La televisión argentina vivió una noche cargada de emoción con la despedida de Beto Casella de Bendita, el programa que condujo durante dos décadas y que se convirtió en un clásico del prime time nocturno. Tras 30 años de vínculo con El Nueve, el periodista decidió cerrar una etapa clave de su carrera, en un contexto atravesado por balances personales, desgaste institucional y nuevos desafíos profesionales.
El último programa estuvo atravesado por la nostalgia. La producción preparó una retrospectiva con imágenes históricas que repasaron los momentos más recordados del ciclo, desde los inicios hasta su consolidación como un espacio donde el humor, la ironía y la actualidad convivieron a diario. El clima en el estudio fue de reconocimiento y afecto, tanto por parte del equipo como del propio conductor.

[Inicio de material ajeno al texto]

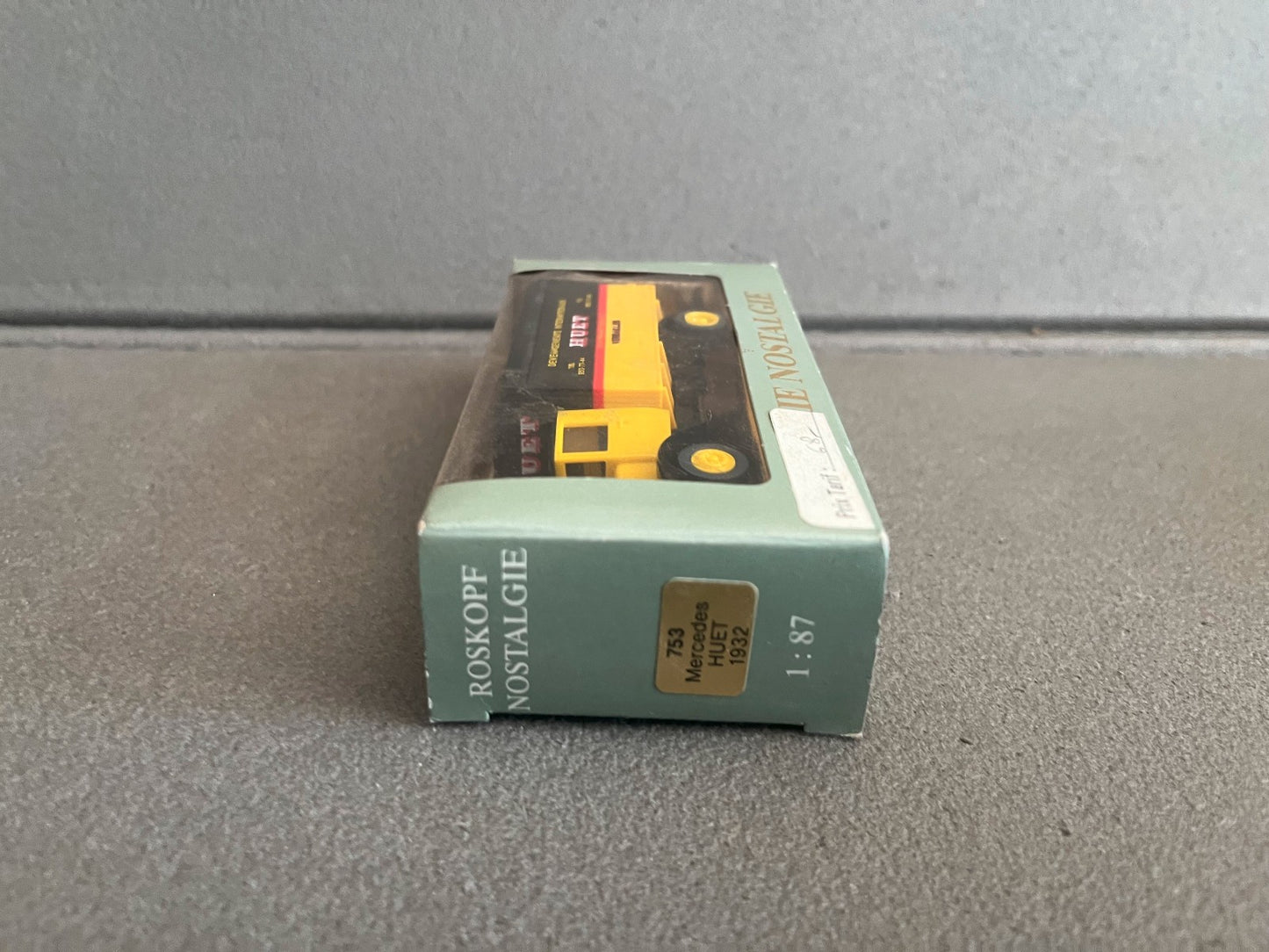 Voiture Miniature Camion 753 Mercedes Huet 1932 Roskopf Nostalgie 1/87 HO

Si bien la salida no estuvo exenta de tensiones previas con la cúpula directiva del canal, Casella optó por un cierre sin confrontaciones. Durante su despedida, fue claro al explicar los motivos de su decisión: “Tomé voluntariamente la decisión de tomar distancia con el canal, con discrepancias y diferencias con las autoridades, pero ahora no hay reclamos para hacer. Antes de que se estropee la relación, también está bueno irse cuando las cosas van bien”.